The other way is to copy your text, make a reply, paste the text, then highlight it and click the button on the bottom row (but the row above the smileys) that's next to last. Looks like the bubble characters speak in for comic strips.


----------



## Gruntman (Feb 9, 2009)

Wow when you explain it like that I'm not sure how I could  possibly learn it.


----------



## Gruntman (Feb 9, 2009)

robin.goodfellow said:


> That box thingy? It's a snap. Two ways to do it:
> One is to click the button that says "quote" at the top of each response. That will do it for you, and put the text down in the reply box at the very bottom.
> 
> The other way is to copy your text, make a reply, paste the text, then highlight it and click the button on the bottom row (but the row above the smileys) that's next to last. Looks like the bubble characters speak in for comic strips.

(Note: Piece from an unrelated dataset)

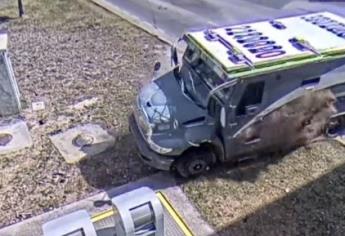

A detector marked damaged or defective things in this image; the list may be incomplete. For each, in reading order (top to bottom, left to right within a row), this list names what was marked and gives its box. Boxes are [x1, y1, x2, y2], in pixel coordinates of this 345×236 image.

crushed vehicle roof [187, 11, 344, 77]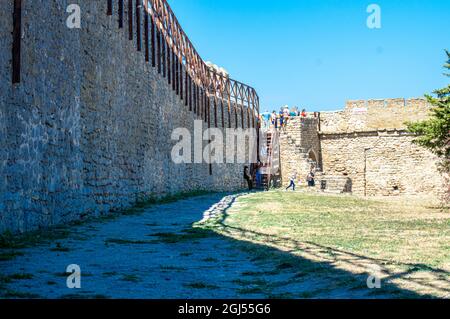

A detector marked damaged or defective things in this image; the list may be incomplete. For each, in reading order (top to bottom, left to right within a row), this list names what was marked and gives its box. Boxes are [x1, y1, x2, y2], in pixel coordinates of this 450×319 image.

rusty metal railing [142, 0, 258, 129]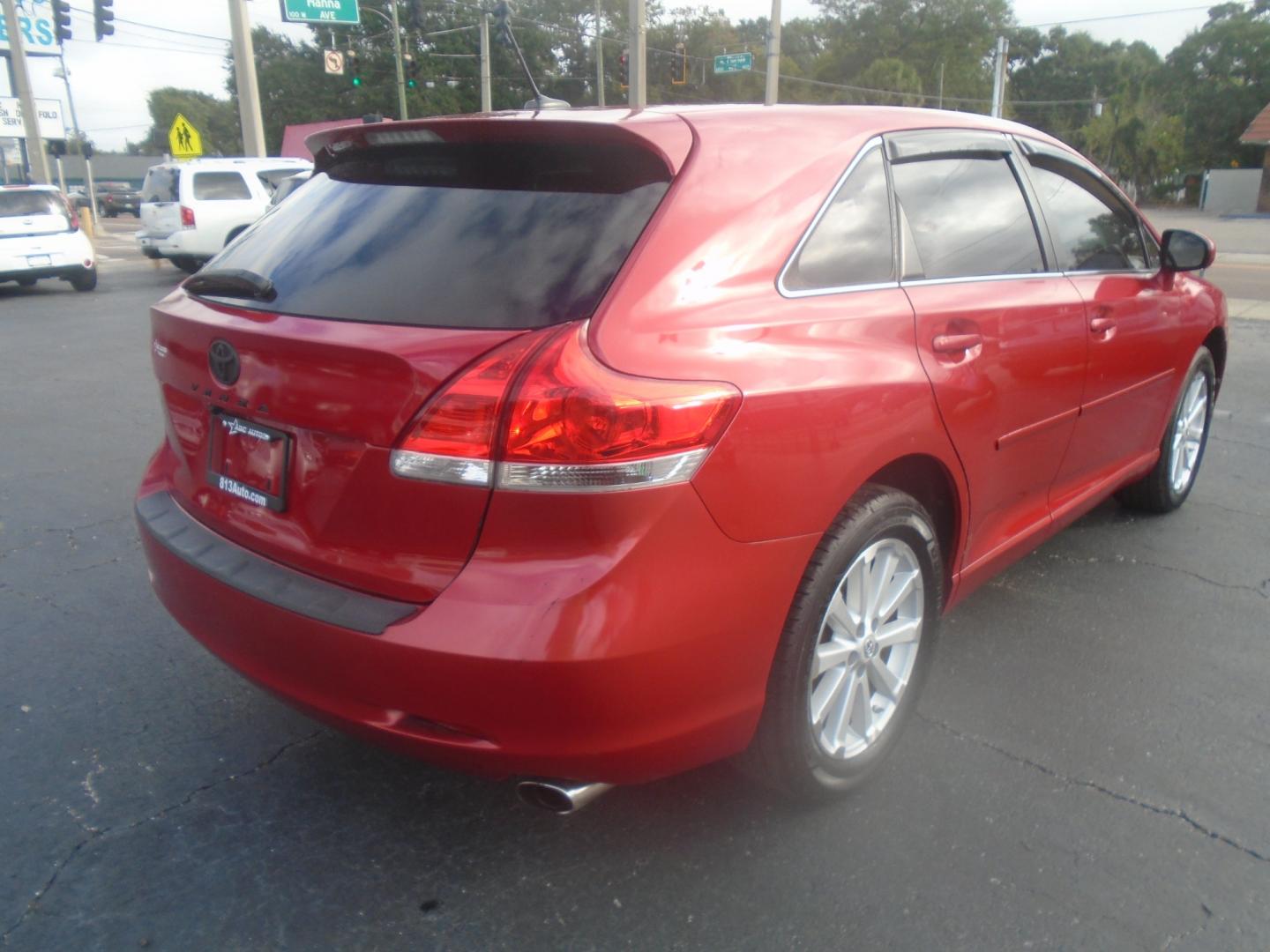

Wow, when you explain it like that I'm not sure I could learn it.


----------



## Guest (Feb 15, 2009)

Gruntman said:


> Wow, when you explain it like that I'm not sure I could learn it.


Yep, it's a lot different than the way grunts do it. The words have more than one syllable and not shouted at the top of the speakers lungs.

I'm exNavy.


----------



## Gruntman (Feb 9, 2009)

Who needs words, I just drag my knuckles across the keyboard and let spell check turn it into something resembling language.


----------



## Guest (Feb 15, 2009)

If you ever see me in the chat room, you will see that I have a similar technique.


----------



## ak rain (Nov 15, 2008)

> When I was a kid I wanted to live in Alaska, then my parents pointed out that I can't stand the cold.
> 
> Guess I wasn't that bright as a kid


.

I have gotten burned in the cold not fun. When the sun comes out it is worth all those cold days.

Sylvia


----------



## stargazer0725 (Feb 10, 2009)

Vampyre said:


> I was watching Moonlight and Battlestar Galactica.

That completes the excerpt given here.